Politica

Ultima modifica: 19 Giugno 2018 17:03

Il Pd presenta i suoi candidati. Donzel “Possiamo vincere”. Grande assente Giuliana Ferrero

Aosta - Nella serata di oggi, giovedì 22 aprile, il Pd ha presentato alla stampa i suoi candidati a sindaco e vice, Michele Monteleone e Fabio Platania. Sono sostenuti anche da Italia dei Valori, Partito Socialista valdostano e Sinistra ecologia e libertà.

Fabio Platania con Raimondo Donzel

"Molta gente mi ha chiesto perché abbiamo scelto questi due candidati. Li abbiamo scelti innanzitutto perché sono brave persone e credo che questa coalizione abbia tutte le caratteristiche necessarie per vincere". Con queste parole Raimondo Donzel, segretario regionale del Partito Democratico ha parlato di Michele Monteleone e Fabio Platania, candidati a sindaco e vice alle prossime elezioni comunali di Aosta.

I due candidati e gli altri componenti dell'alleanza hanno incontrato la stampa nella serata di oggi, giovedì 22 aprile. "Ringrazio chi ha avuto fiducia nella mia candidatura" ha esordito Monteleone. "Per il nostro programma terremo sempre in mente il Piano strategico approvato dal Consiglio comunale, è all'interno di quel documento che ci sono le linee guida per una buona amministrazione della città. Le politiche sociali sono il nostro fiore all'occhiello, gli assessori che negli anni hanno guidato quell'assessorato hanno fatto sì che la città abbia raggiunto livelli altissimi in questo campo".

"Candidare un giovane alla carica di vicesindaco – ha commentato Platania – è stato un atto molto coraggioso, proprio in un momento in cui i giovani vengono spesso utilizzati solo come portatori d'acqua". Nato nel 1978 e figlio dell'ex assessore della giunta guidata da Pierluigi Thiebat, Maria Giuliana Indrio, Fabio Platania ha sottolineato l'importanza dell'autonomia valdostana: "L'autonomia mi ha permesso di avere i biglietti del treno scontati, di avere i buoni di benzina, i libri gratuiti. Non si può mercificare un'idea come quella dell'autonomia ed è quello che ha fatto l'Uv con l'accordo con il centrodestra che esprime la volontà di cambiare gli ultimi quarant'anni di storia della Valle d'Aosta".

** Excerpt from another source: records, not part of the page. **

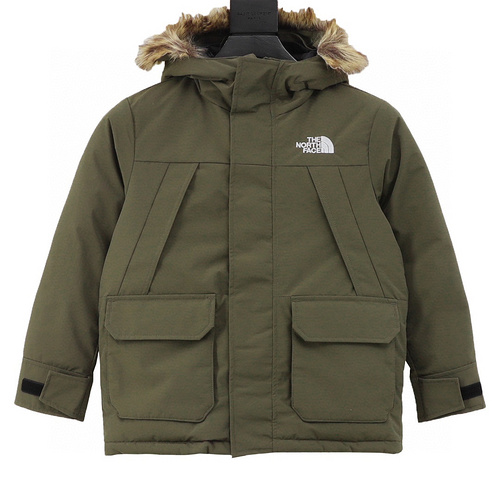 designer,replica,clothing,fake,1:1,lv,luxury,high quality  THE NORTH FACE brand logo embroidered hooded fur collar zipper down jacket (C32C)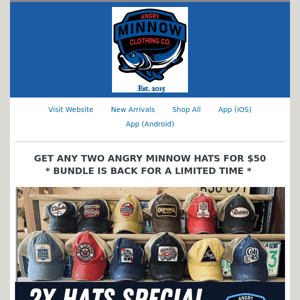 Get TWO Hats for $50 🧢+🧢=😀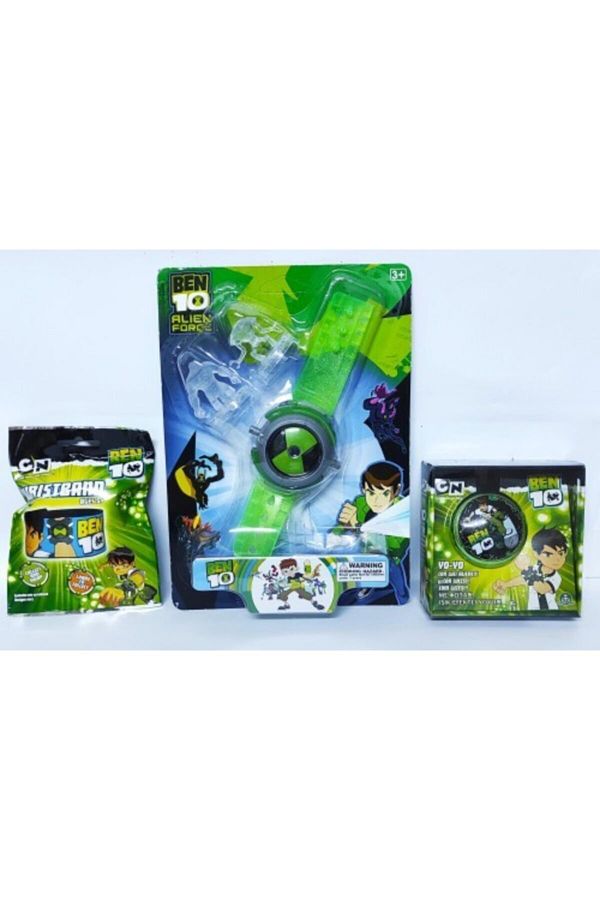 Brother Toys-Ben10 Space Clock with 2 Figures with Lights and Music + Ben10 Armband + Ben10 Yoyo with Luminous Effect Set of 3 1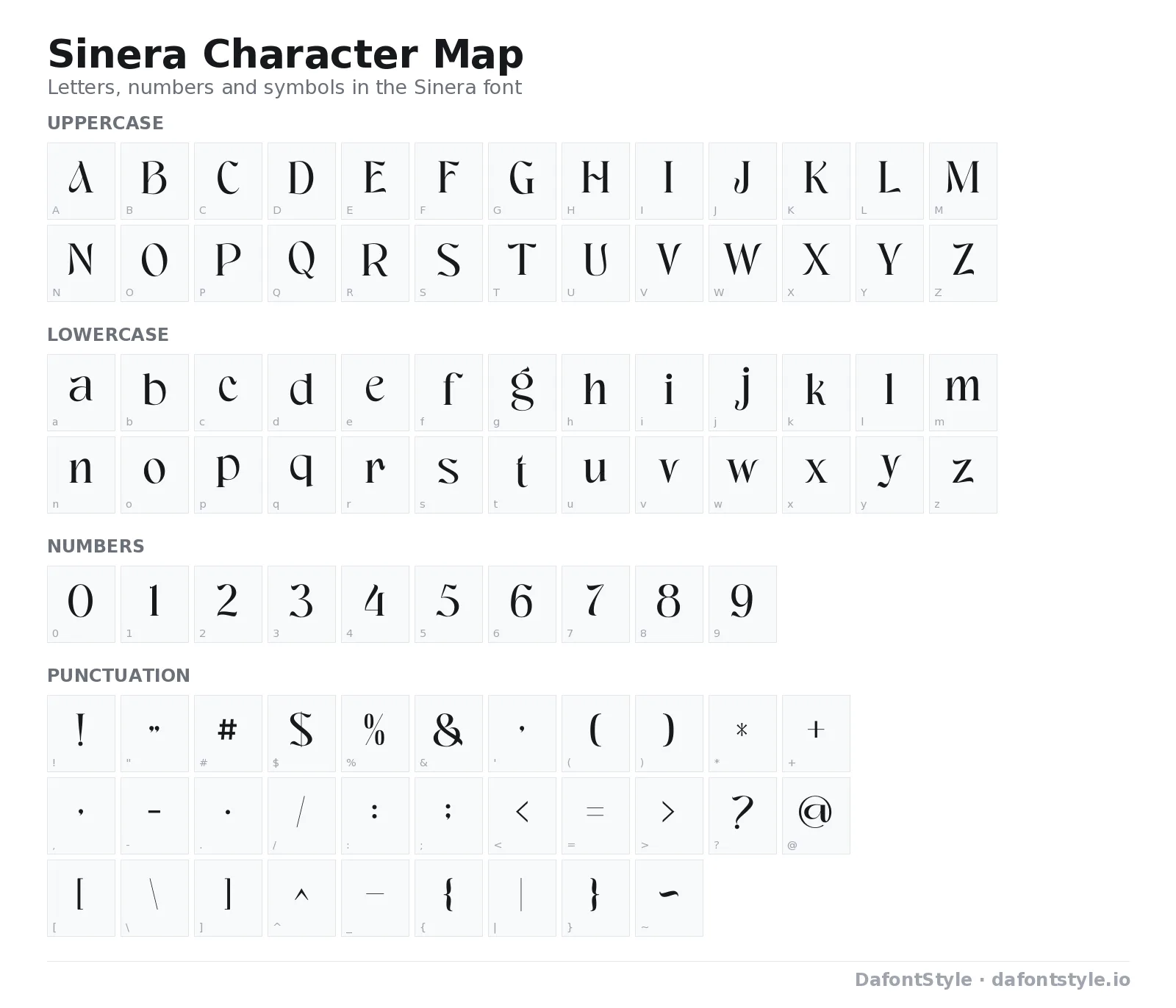 Sinera font character map with uppercase and lowercase letters, numbers and symbols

Al tavolo dei relatori c'erano anche Marco Belardi, coordinatore regionale dell'Italia dei Valori e Giancarlo Tomaselli, segretario del Partito Socialista valdostano. Mancava solo l'esponente di Sinistra ecologia e libertà, Savino Corcella, "assente per motivi lavorativi". Belardi ha paragonato l'Idv alla protezione civile: "E' un presidio, una specie di protezione civile che scende in campo per difendere la democrazia e la costituzione". E Tomaselli chiude: "Auguro a sindaco e vice la nostra più grande solidarietà". Le liste non sono ancora chiuse. "Ci saranno dentro quattro socialisti e uno o due esponenti di Sinistra ecologia e libertà – spiega Donzel – mentre gli altri candidati saranno del Pd o indipendenti".

Come sempre a dare nell'occhio sono stati gli assenti. Mancava tra il pubblico Giuliana Ferrero, assessore uscente alle Politiche sociali, e fino a martedì tra i nomi più papabili per la fusciacca di sindaco. L'assessore Ferrero sarà tra i candidati del Pd? Risponde Donzel: "E' uno dei candidati auspicabili, la lista non è ancora chiusa, stiamo valutando tutte le opportunità".